Middle Minutes Adoration

There’s a nakedness you feel when you lose a parent as if now the covering (no matter how thin the sheen or how old your body) between you and the haphazard world around you is gone. You’re exposed to the elements.

As we enter one of Hallmark’s days, I’m reminded again of how the damage the enemy has sought to do in my heart after my dad’s death has been almost equal to my actual loss of Him.

It’s a strange comparison, but years out, I can see it more clearly: there was my dad’s death and all that I felt in his absence … and then there was this barrage of lies from the enemy that filled in the white spaces of my mind. I started to type out some of these lies here, and then I realized that most of you are aware of your false understandings of God, so I don’t need to spell them out.

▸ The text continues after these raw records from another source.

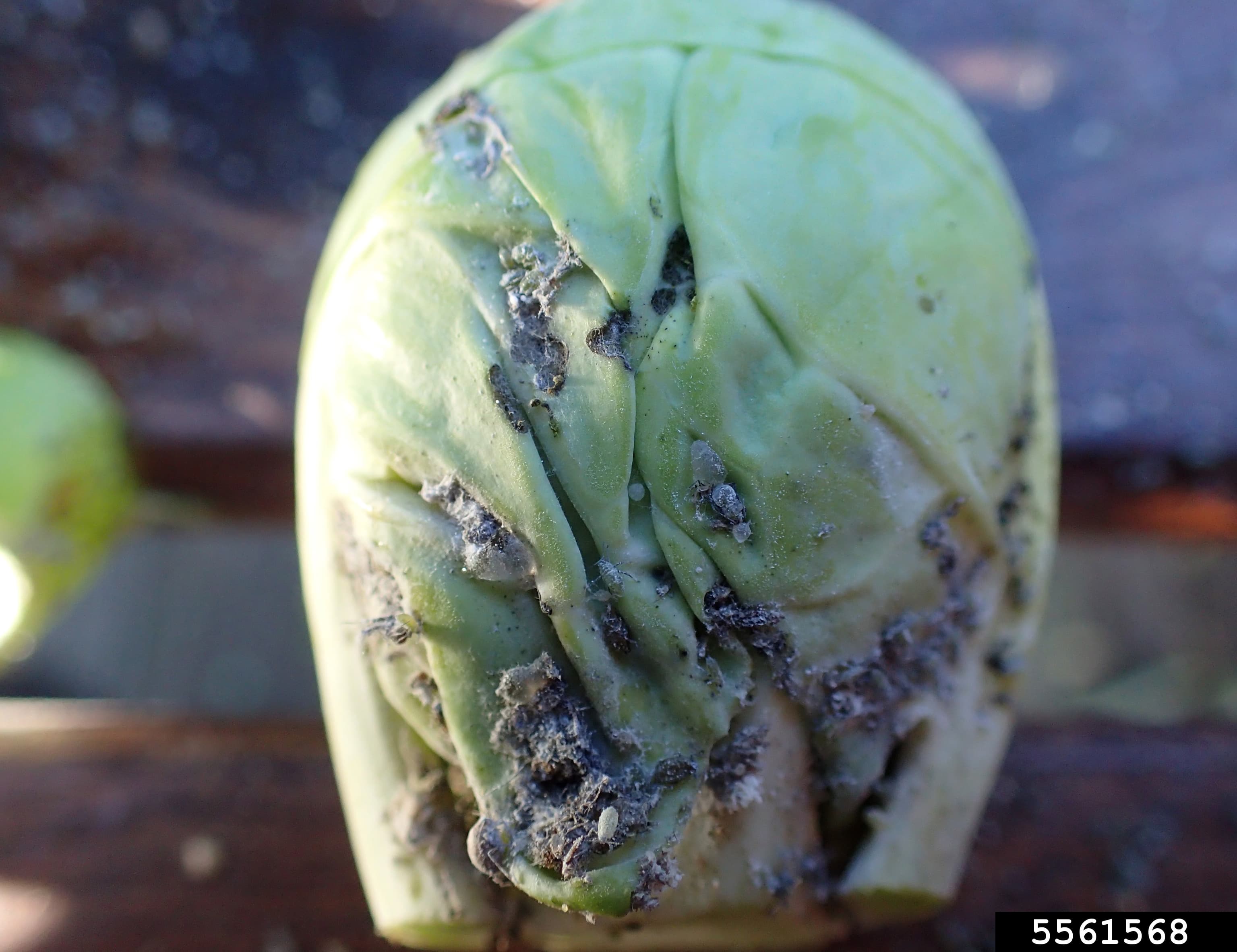 Paduchele cenusiu al verzei: Brevicoryne brassicae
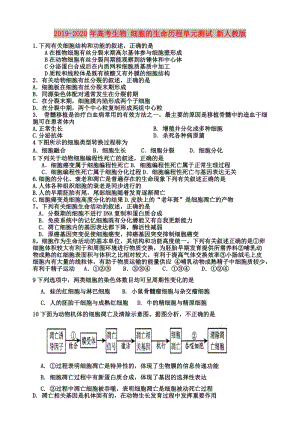 2019-2020年高考生物 細(xì)胞的生命歷程單元測試 新人教版.doc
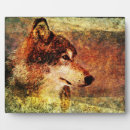 Suche nach wolf fotoplatten Tier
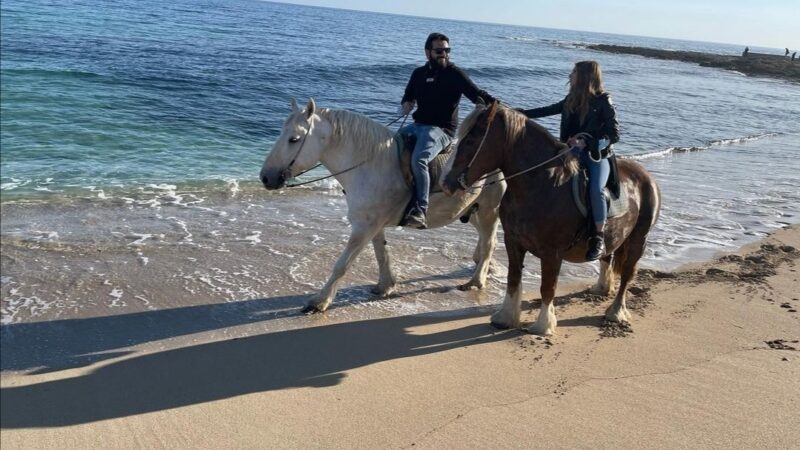 Maneggio porto cesareo 1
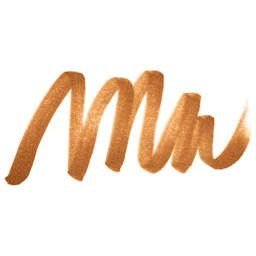 ShinHan Touch Twin Brush Marker - Burnt Orange swatch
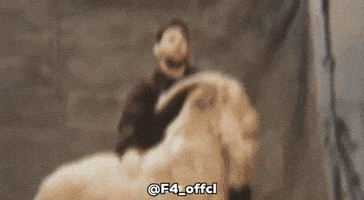 Goat Messi GIF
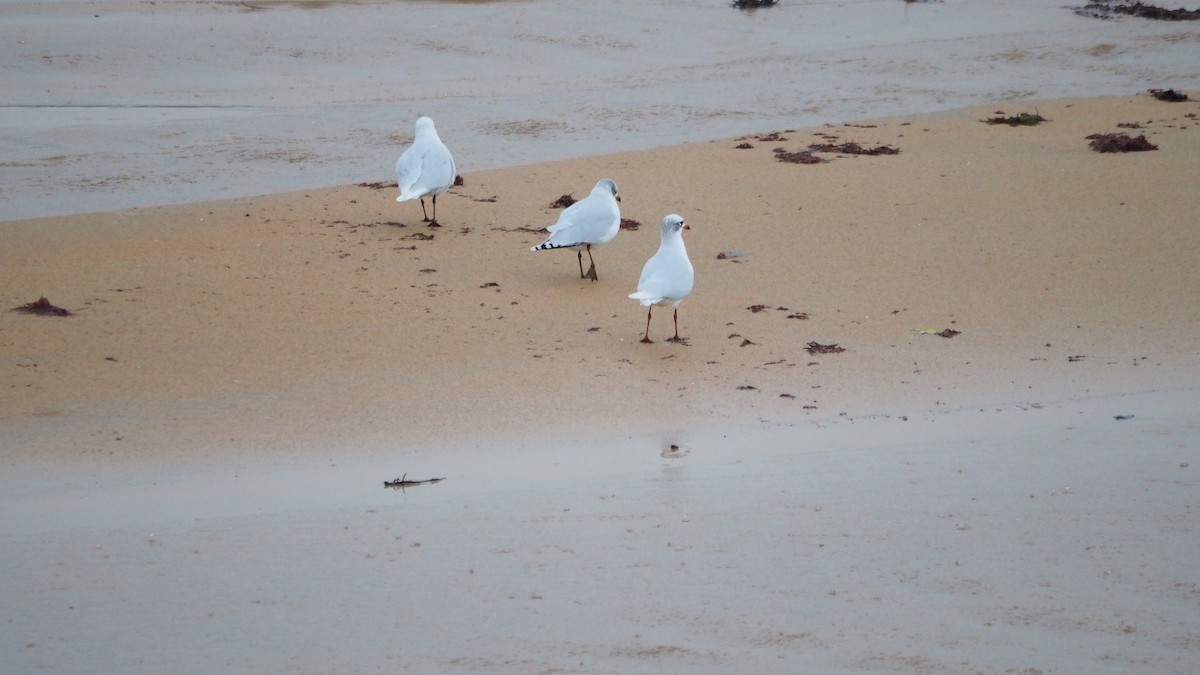 Mediterranean Gull - ML645545518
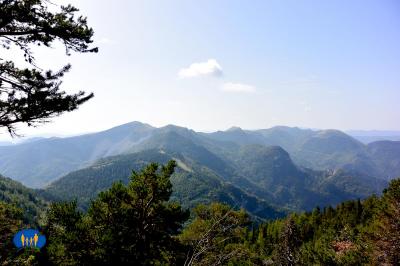 La Toussière - Montagnes boisées en plus basse altitude.
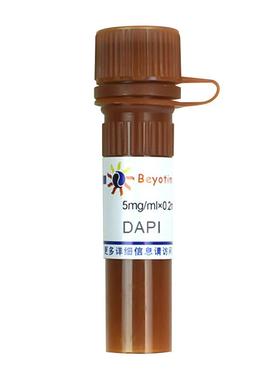 C1002-5mg/ml×0.2ml DAPI 碧云天生物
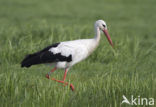 White Stork (Ciconia ciconia)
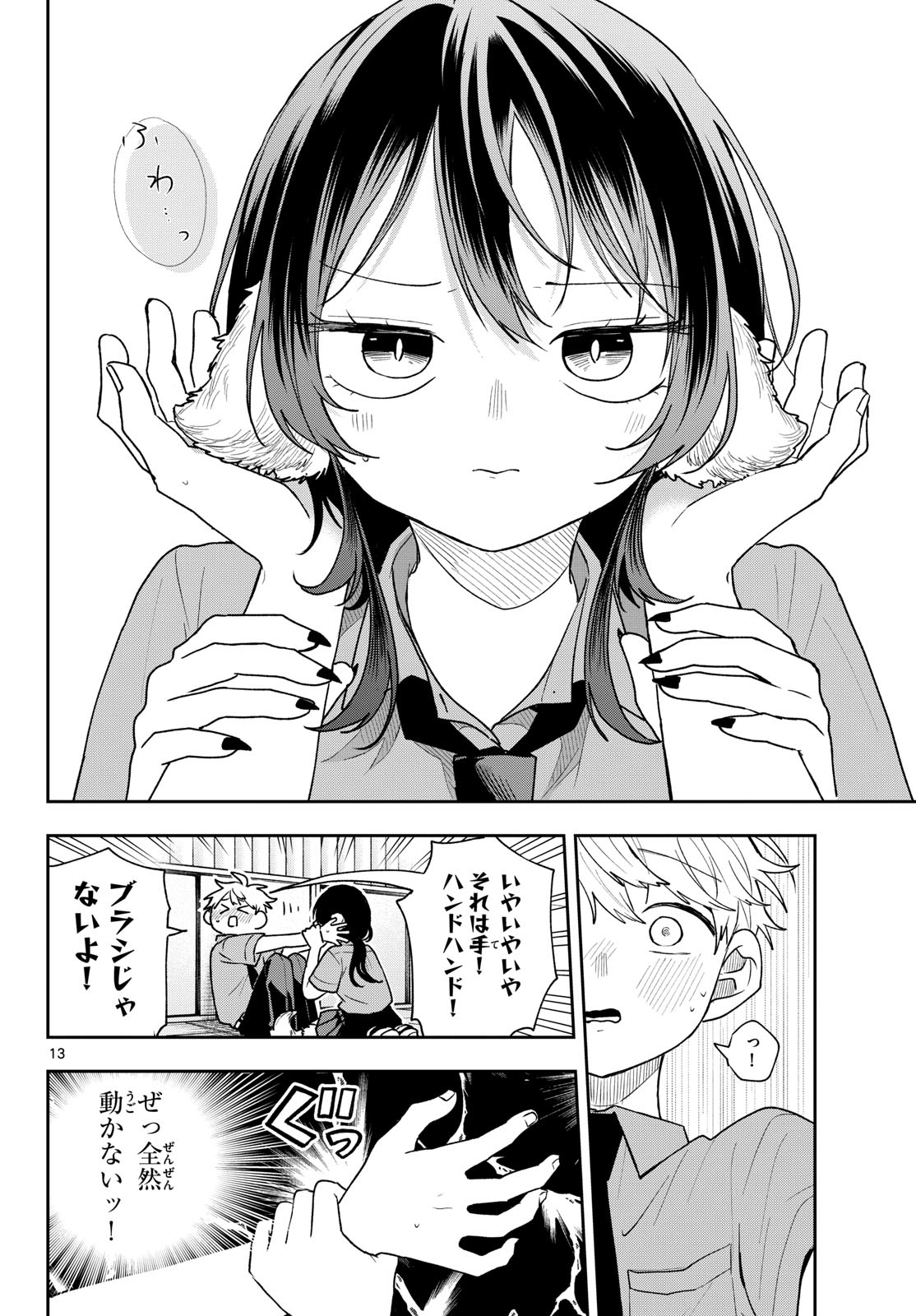 Page 13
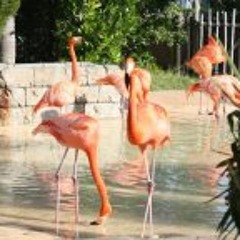 Melissa Roberts Martinez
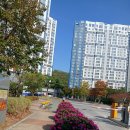 예산 절감,1차.3차.4차아파트 화분이 보여 주는 차이 이미지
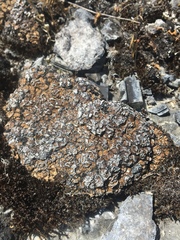 Placidium squamulosum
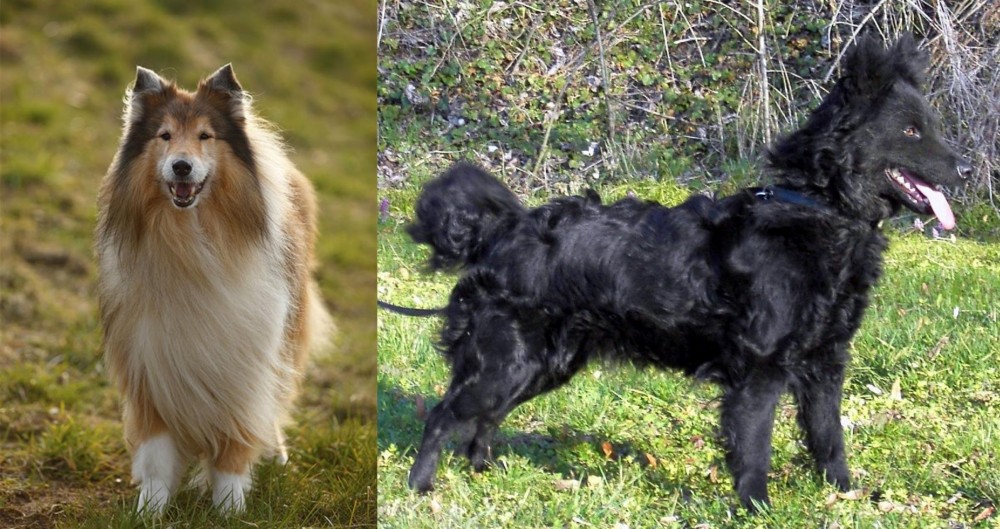 Mudi vs Collie - Breed Comparison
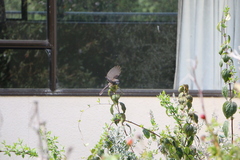 Rhipidura fuliginosa placabilis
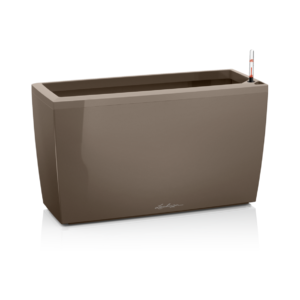 Cararo premium taube altakasteluruukku rullilla 75x30cm, korkeus 43cm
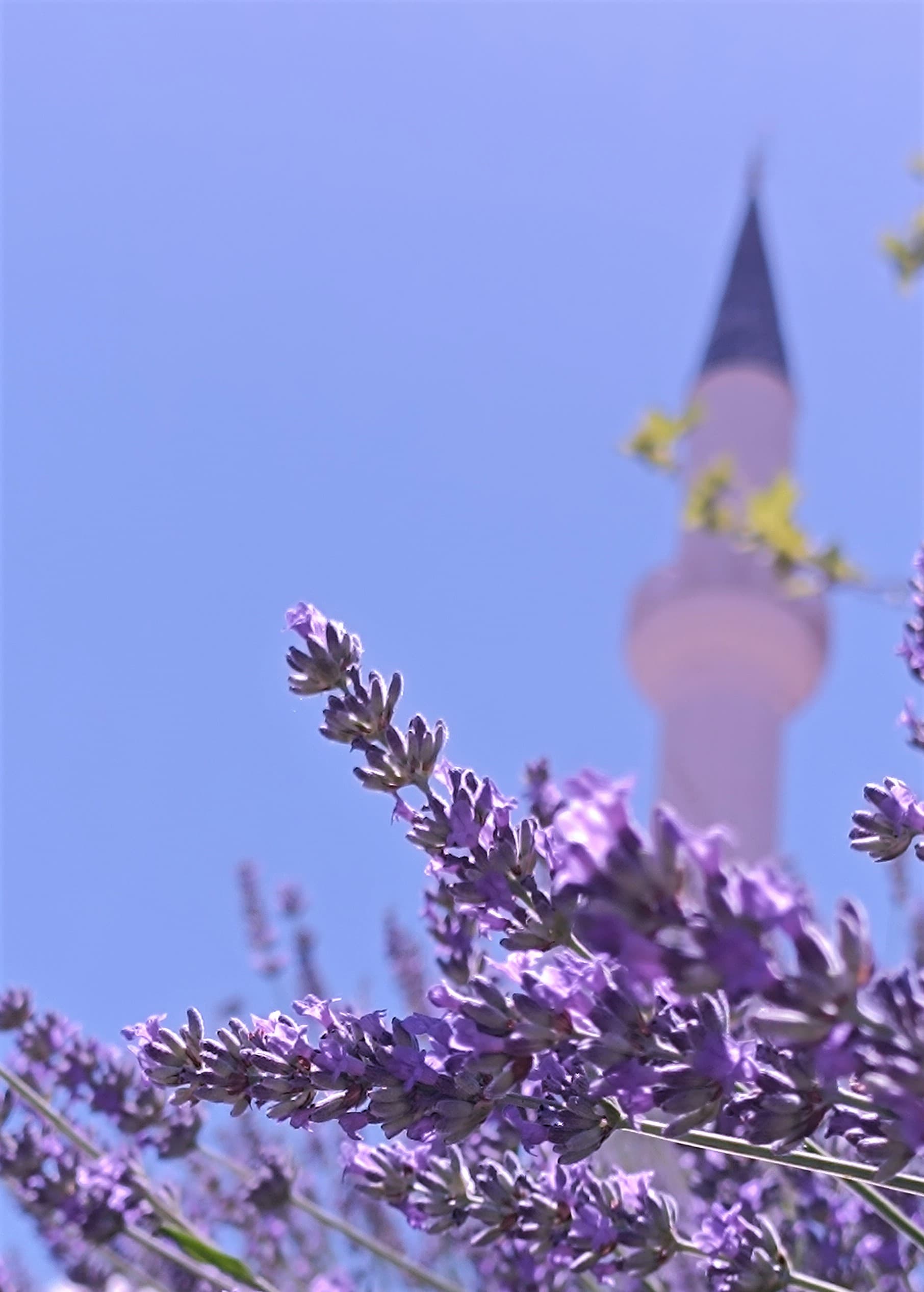 Gök Uzakta ve Hala Mavi midir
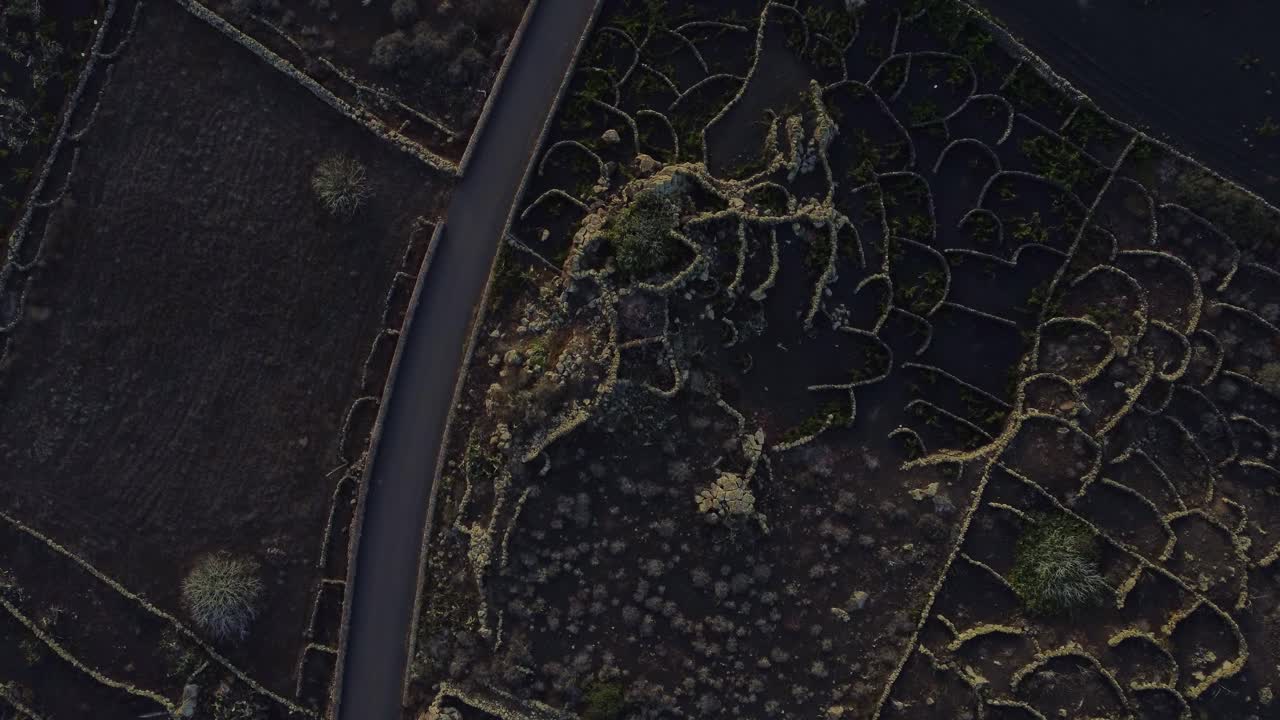 Narrow Road Between The Rough Landscape In Ye Village Near Corona Volcano In Lanzarote Island, Spain. aerial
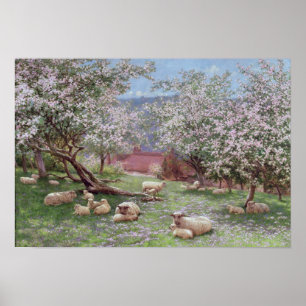 Póster Appleblossom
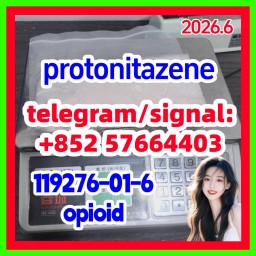 119276-01-6 protonitazene hcl opioid analgesia and sedative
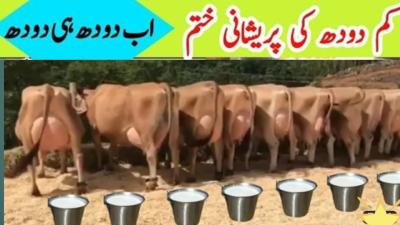 How to Increase Breast Milk in Urdu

One of the unexpected ways God is giving me to combat those lies is grief.

Yes, grieving before God is bringing long-needed healing to my mind and heart. That “white space” in my mind that the enemy continues to try to claim may instead be a place that needs to grieve and be comforted (not just “claimed” in a moment).

I know I’m not the only fatherless one today, subtly fogged by low-hanging clouds in my mind and heart. And though my unthinking response is just to keep moving on, I continue to experience that God’s invitation back into ungrieved loss – to stay, to cry, to write out my lament — is also His invitation to rest my little-girl head on His chest and let my tears fall onto His hands.

Grief is powerful, friends, when we cry into Him.